- _WHAT IS NEEDED_
Each line from the one holding "DAF FT 105480" to the last line of the listing must be set down exactly. No pictures are to be included.

○ ○ ○ ○ ○ ○ ○

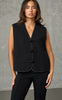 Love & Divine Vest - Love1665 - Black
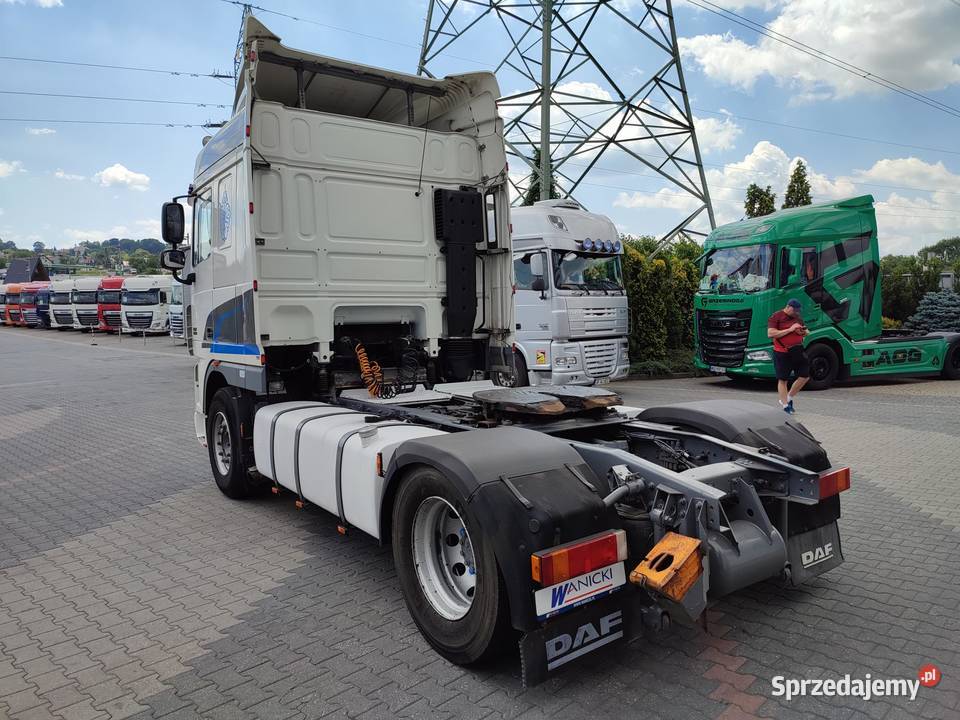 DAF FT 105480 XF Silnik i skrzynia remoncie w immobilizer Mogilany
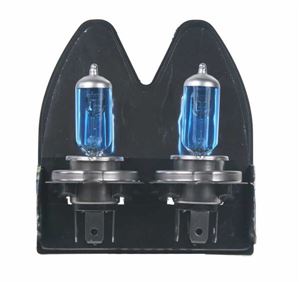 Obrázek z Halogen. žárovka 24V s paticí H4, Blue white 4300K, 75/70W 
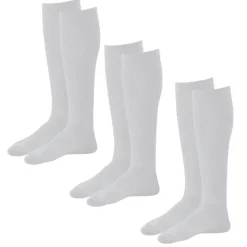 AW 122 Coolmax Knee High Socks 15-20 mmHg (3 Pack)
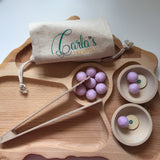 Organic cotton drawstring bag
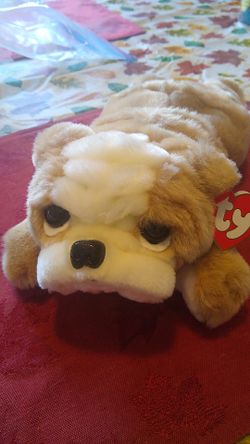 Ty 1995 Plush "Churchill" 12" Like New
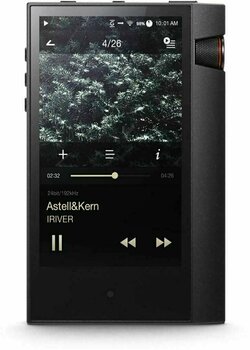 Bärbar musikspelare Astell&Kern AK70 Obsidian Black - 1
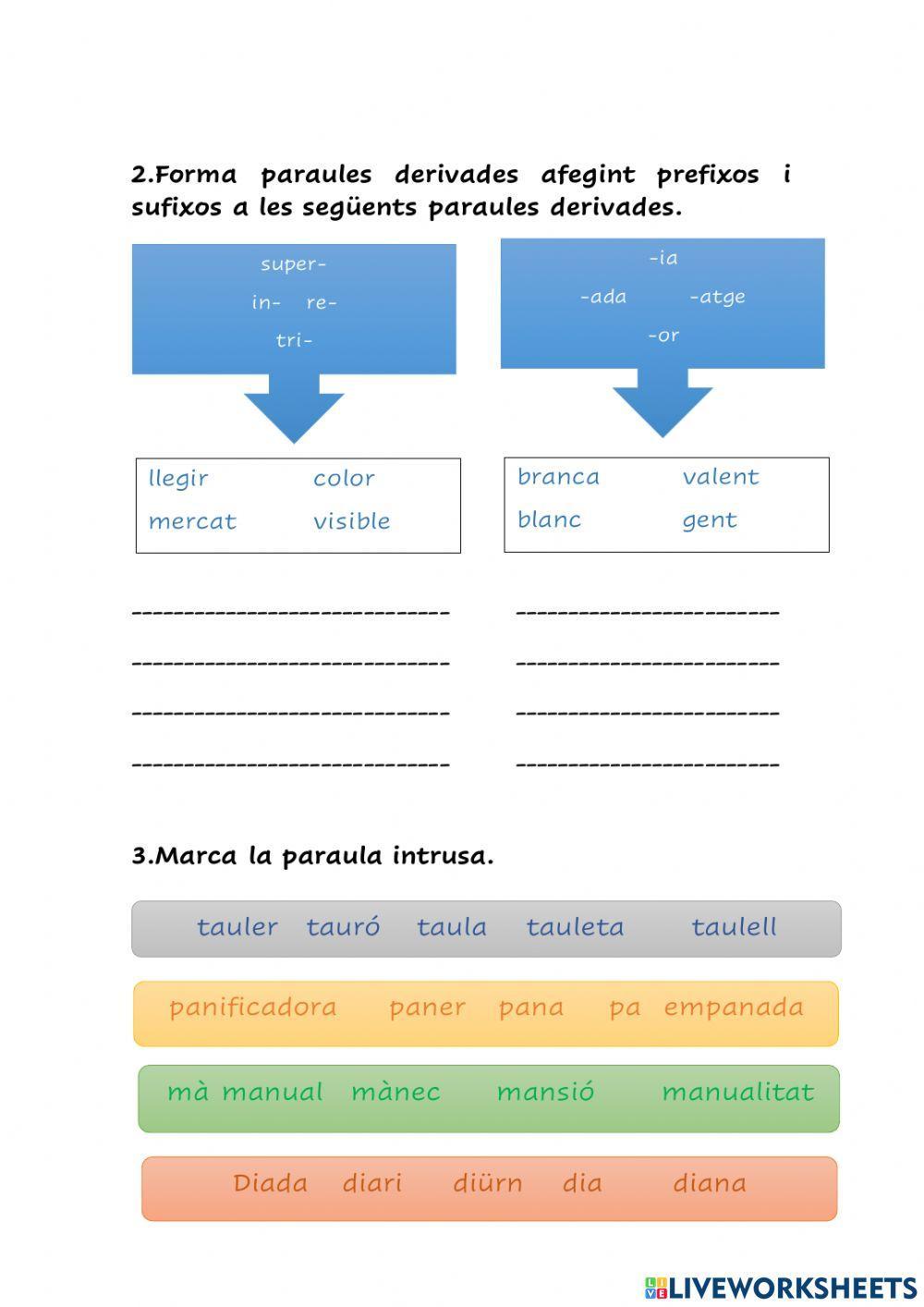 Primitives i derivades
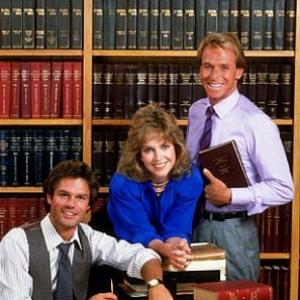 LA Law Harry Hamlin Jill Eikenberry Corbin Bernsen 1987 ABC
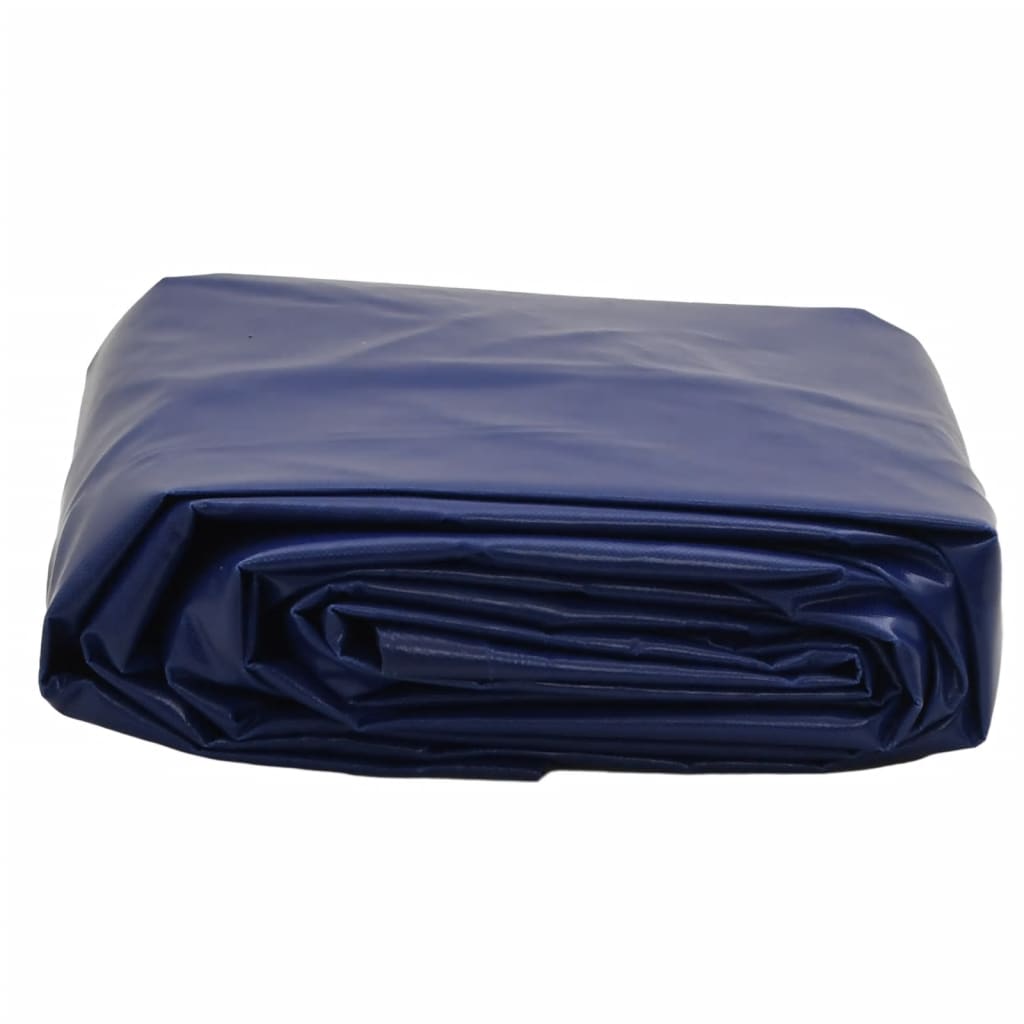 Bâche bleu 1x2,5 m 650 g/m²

○ ○ ○ ○ ○ ○ ○

- _YOUR RESPONSE_
 DAF FT 105480 XF Silnik i skrzynia remoncie w immobilizer Mogilany
 Obrázek z Halogen. žárovka 24V s paticí H4, Blue white 4300K, 75/70W 
 AW 122 Coolmax Knee High Socks 15-20 mmHg (3 Pack)
 Organic cotton drawstring bag
 Ty 1995 Plush "Churchill" 12" Like New
 Bärbar musikspelare Astell&Kern AK70 Obsidian Black - 1
 Primitives i derivades
 LA Law Harry Hamlin Jill Eikenberry Corbin Bernsen 1987 ABC
 Bâche bleu 1x2,5 m 650 g/m²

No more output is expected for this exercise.